TikTok made me read it: The Seven Husbands of Evelyn Hugo
At the end of 2021 Taylor Jenkins Reid’s book The Seven Husbands of Evelyn Hugo was lauded on TikTok, and eventually I felt compelled to pick up a copy. Based loosely on the life of Elizabeth Taylor, the book explores how being an actress in Hollywood can make or break your dreams.
As a lover of historical fiction, I thought I would enjoy this book before even reading the blurb. However, it exceeded my expectations by miles. The novel starts with Monique Grant, an unknown journalist, being selected by the infamous star Evelyn Hugo to write about her extraordinary life as an actress from the 1950s. Evelyn retells the events that define her career and progression as a woman in the industry, spanning from her teen years through to the present day.
Her story unfolds through the events taking place in each of her marriages, with Evelyn at times struggling to reveal intimate details about her life which she had suppressed for so long. I was gripped from the beginning, desperate to know what each of her husbands had to offer her and, the most important question of all, who was the greatest love of her life?
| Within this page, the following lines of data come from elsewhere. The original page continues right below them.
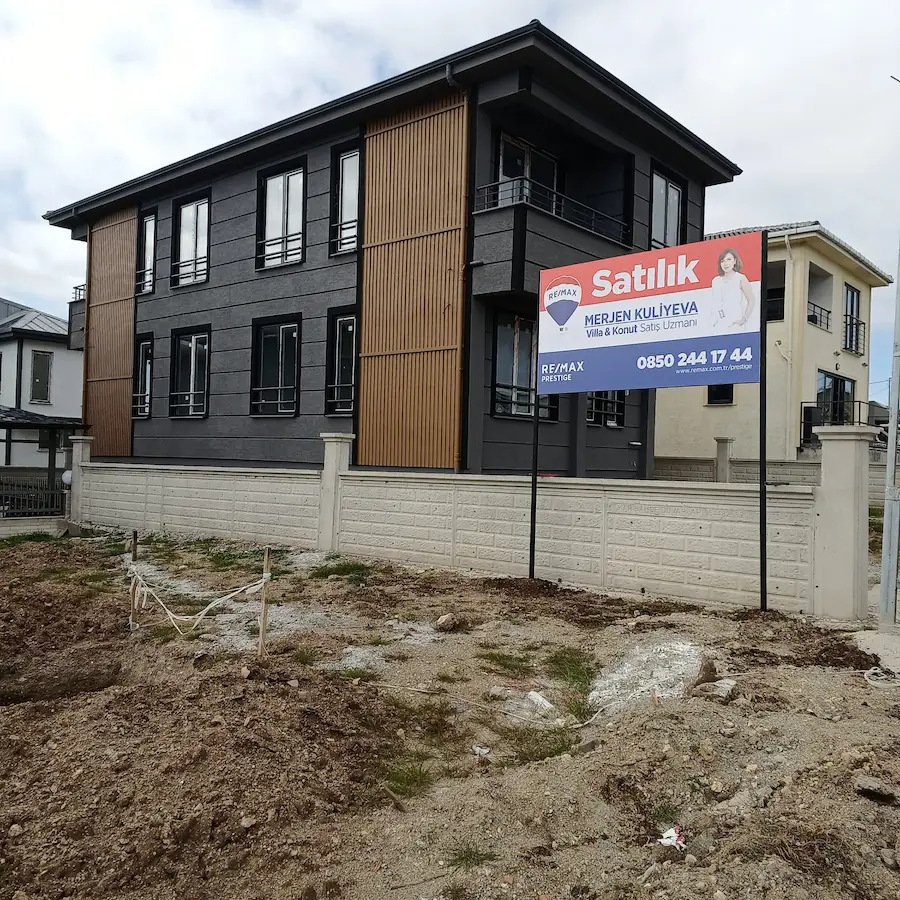 KARABİGA'DA MUHTEŞEM DENİZ MANZARALI SATILIK 3+1 VİLLA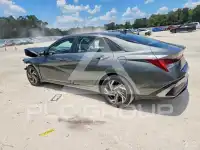 2025 Hyundai Elantra photo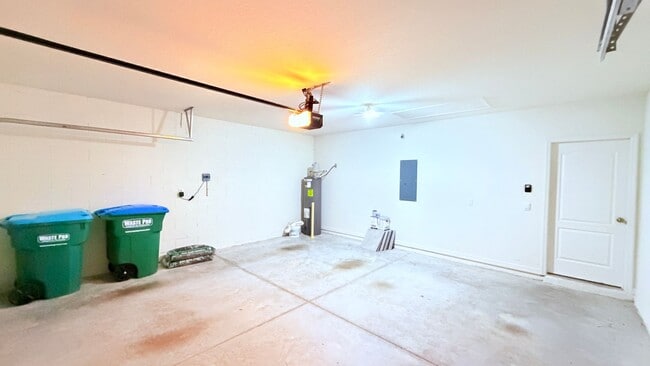 Building Photo - Charming Deltona 4/2 Ready for Move-in!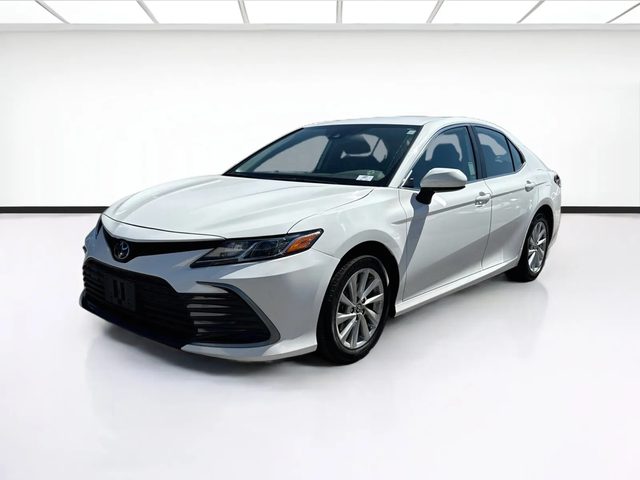 2022 Toyota Camry LE AWD photo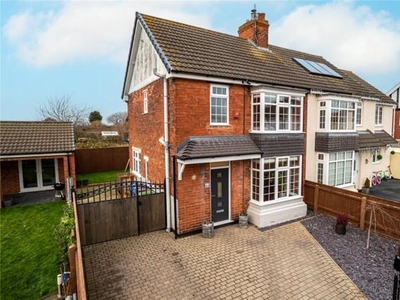 3 Bedroom Semi-detached House For Sale In Grimsby, N E Lincs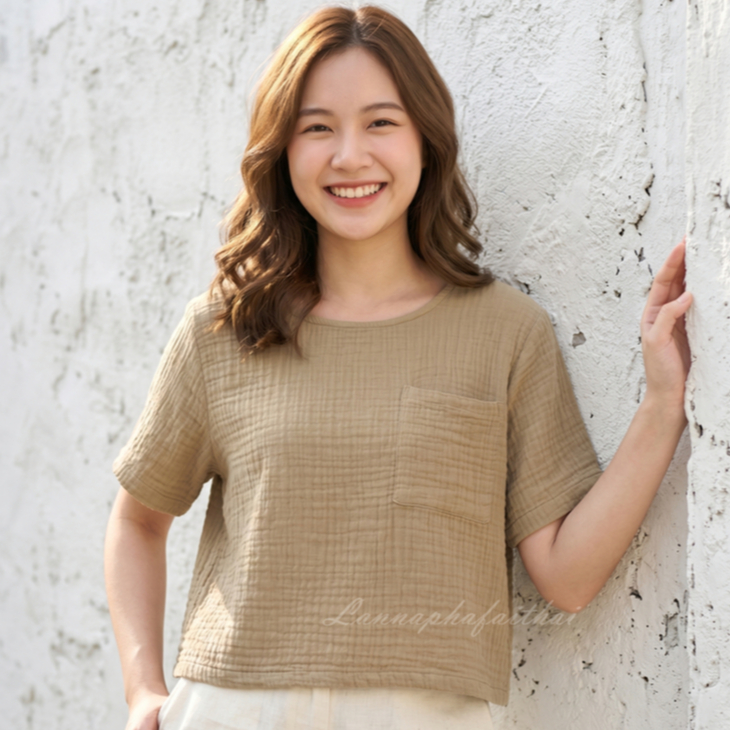 เสื้อครอปผู้หญิงแขนสั้น ทรงบ็อกซี่ มีกระเป๋า Boxy Cotton Top Minimalist Relaxed Cotton Top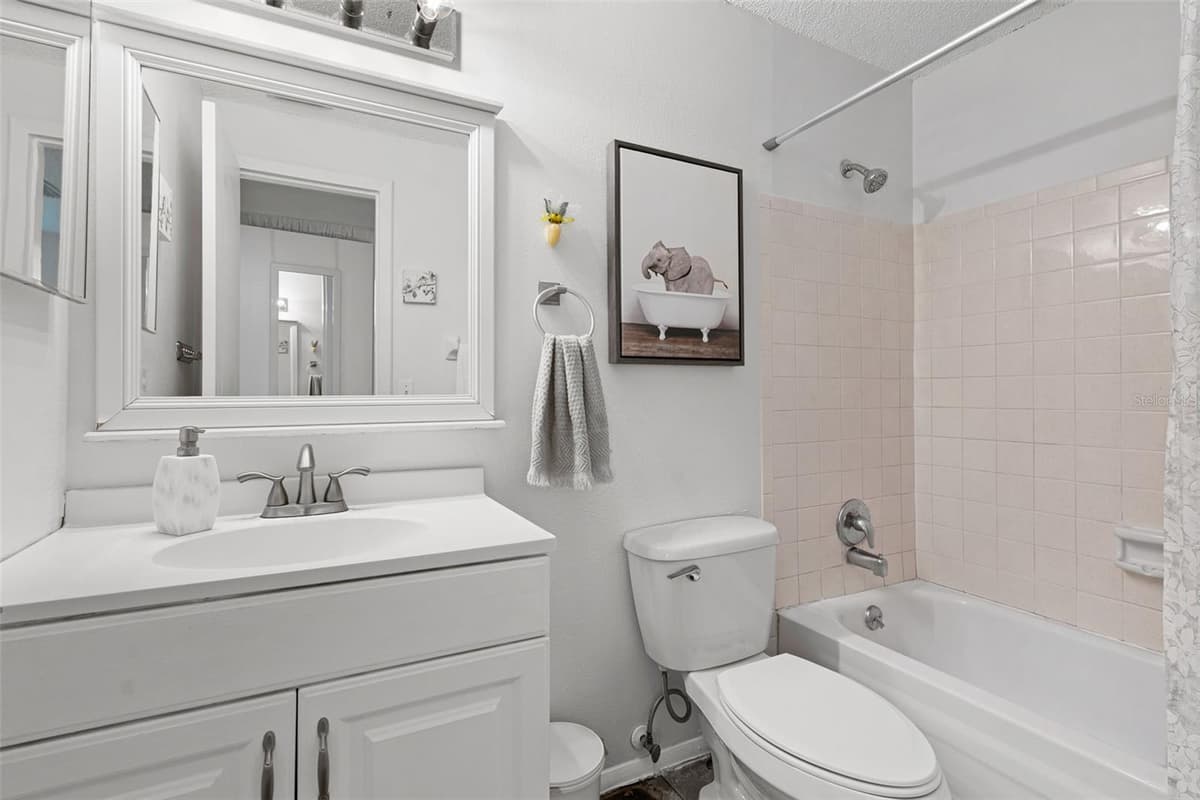 4215 BAY DRIVE — photo 3 of 23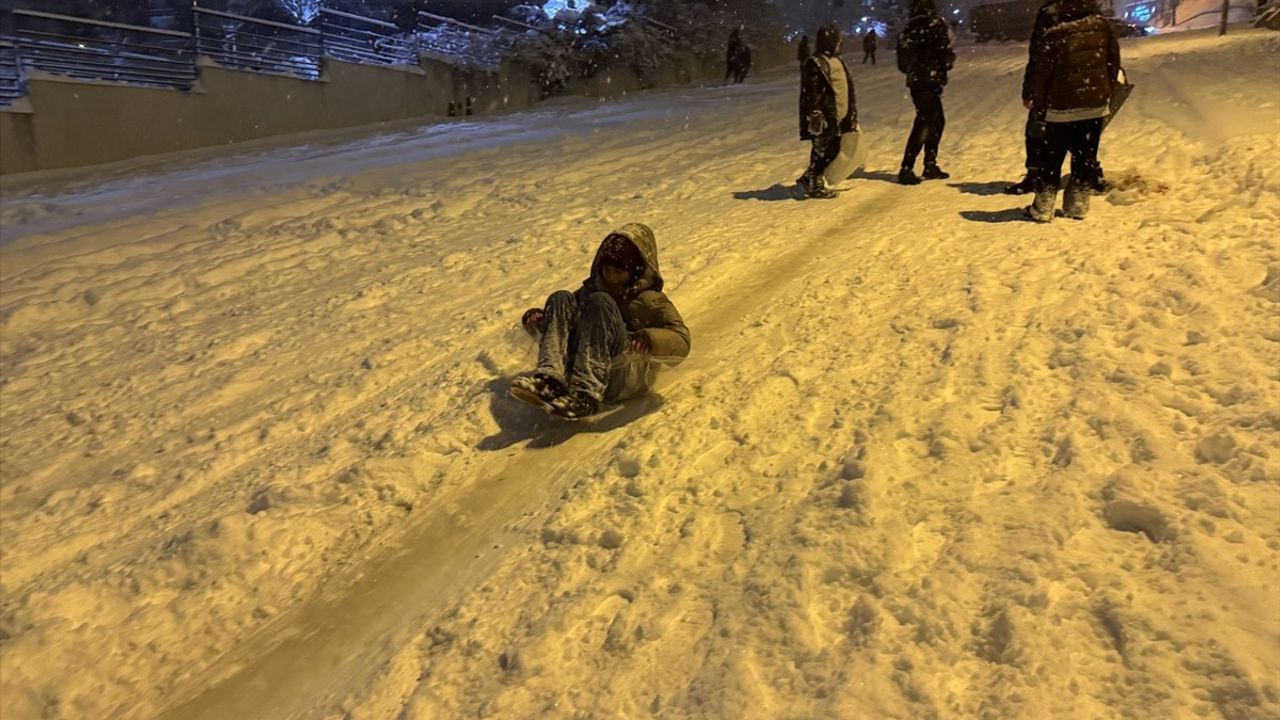 Samsun'da Gençler Kayak Heyecanı Yaşıyor: Karla Kaplı Sokakta Snowboard Keyfi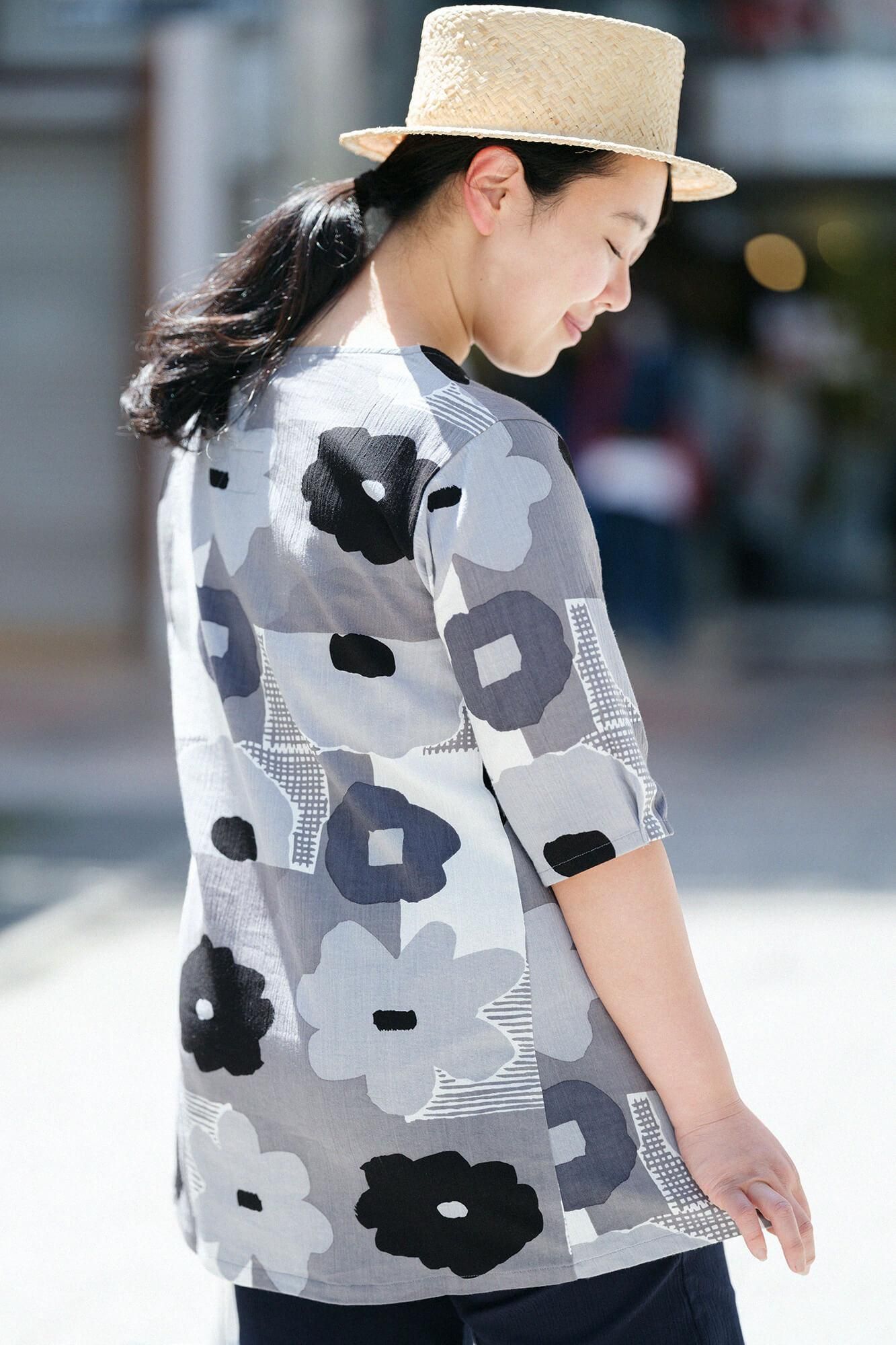 Chizimi Cotton 20/20 Elbow Length Sleeve Tunic / Pressed Flowers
This tale of lust and love underlines the struggles faced by a Cuban woman in the late twentieth century. It is clear from the start that there’s much more depth to the novel than I had expected, with issues of race, sexuality, societal norms, and misogyny raised by Jenkins Reid. Although the story focuses on a Hollywood star – nothing like the life I lead – I still found myself relating to many of the struggles Evelyn faces.
The vulnerability all the characters possess encapsulates what it means to be a woman striving to be the best in an industry you’ve dreamed of conquering. Between Monique’s domestic and ‘normal’ life and the wonders of Evelyn’s glamorous life, Jenkins Reid perfectly illustrates how anyone can face problems no matter the privileges you may be seen to have.
The fast-paced and shocking nature of Evelyn’s life completely enticed me from the first mention of her, but it was understanding her complexity and her vulnerability as her life became more ‘ordinary’ that made me keep reading. I felt like the only person in the world to whom these exclusive and exciting secrets were being unveiled, almost like being the only person at a premiere of a movie you’ve been dying to watch.
Although this was published in 2017, its subsequent and continued success proves that so many of us are fascinated by Hollywood and wish to be a fly on the wall for so many intoxicating celebrities. Jenkins Reid is sensational in creating the perfect fantasy for readers to become engrossed in whilst trying to figure out who this powerful woman really is, just as Monique is doing.
I definitely think this book deserved all the hype it accumulated on TikTok, and I now can’t wait to read Jenkins Reid’s other recent books Daisy Jones & The Six and Malibu Rising. I only wish I could read The Seven Husbands of Evelyn Hugo for the first time again to relive the overwhelming excitement of Evelyn Hugo’s life.